Since early March 2020, more than 500 companies have publicly announced disruptions to their planned and ongoing clinical trials due to the Covid-19 pandemic. Many companies have delayed the initiation of planned trials or withdrawn them completely and others have suspended enrollment in their ongoing trials or terminated the trials altogether. The majority of trial disruptions can be attributed to patient safety measures, strict lockdown requirements, social distancing procedures and the high demand on medical professionals to treat Covid-19 patients.

As the initial peak of the virus started declining, many trials were set to resume activity. However, the number of confirmed Covid-19 cases is increasing again due to the emergence of new variants.

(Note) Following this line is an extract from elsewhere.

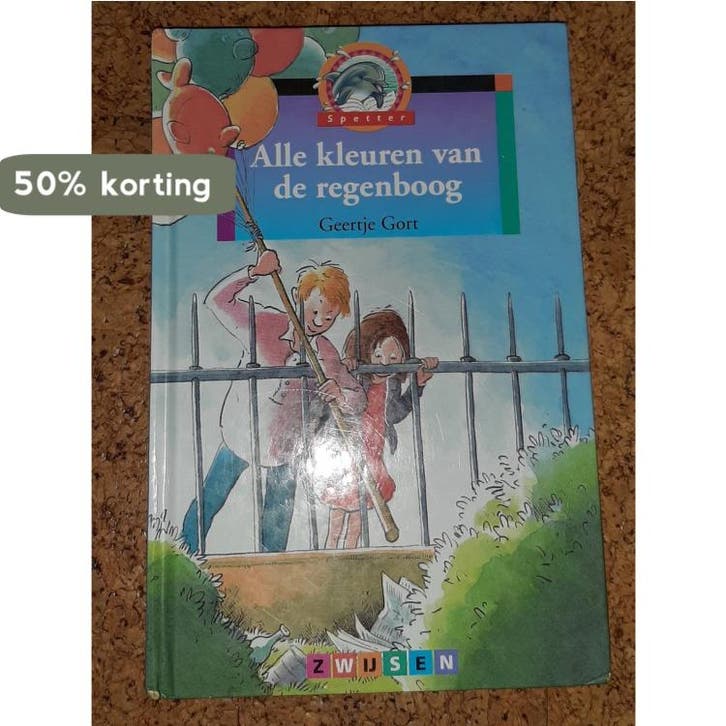 Alle kleuren van de regenboog / Spetter 5 Serie 1, Boeken, Kinderboeken | Jeugd | onder 10 jaar, Gelezen, Verzenden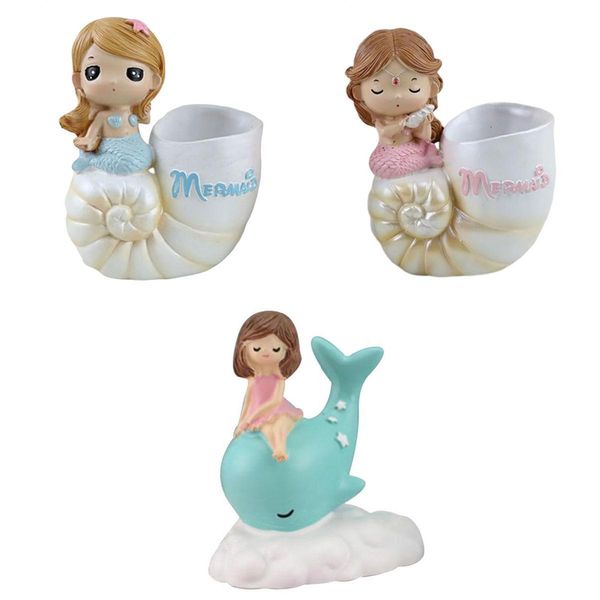 

3x deskgirl with dolphin figurine statue home office decor creative gift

The Covid-19 Dashboard on GlobalData’s Pharma Intelligence Center dynamically tracks both disrupted and resumed trials.

As of July 26, the number of resumed trials is currently at 1,054. Out of these trials, 57.3% are currently recruiting participants, 20.9% have completed recruitment but are still ongoing and 0.2% have yet to start recruiting subjects. Even though the general trend shows a gradual increase in the overall percentage of trials for each trial status, the biggest of which has been seen in ongoing, recruiting trials and ongoing, not recruiting trials, the number of overall trials has remained approximately the same.

The US has the highest number of resumed trials at 69.3%, followed by the UK at 9.3%, Spain at 7.5%, France at 7.1% and Germany at 6.8%.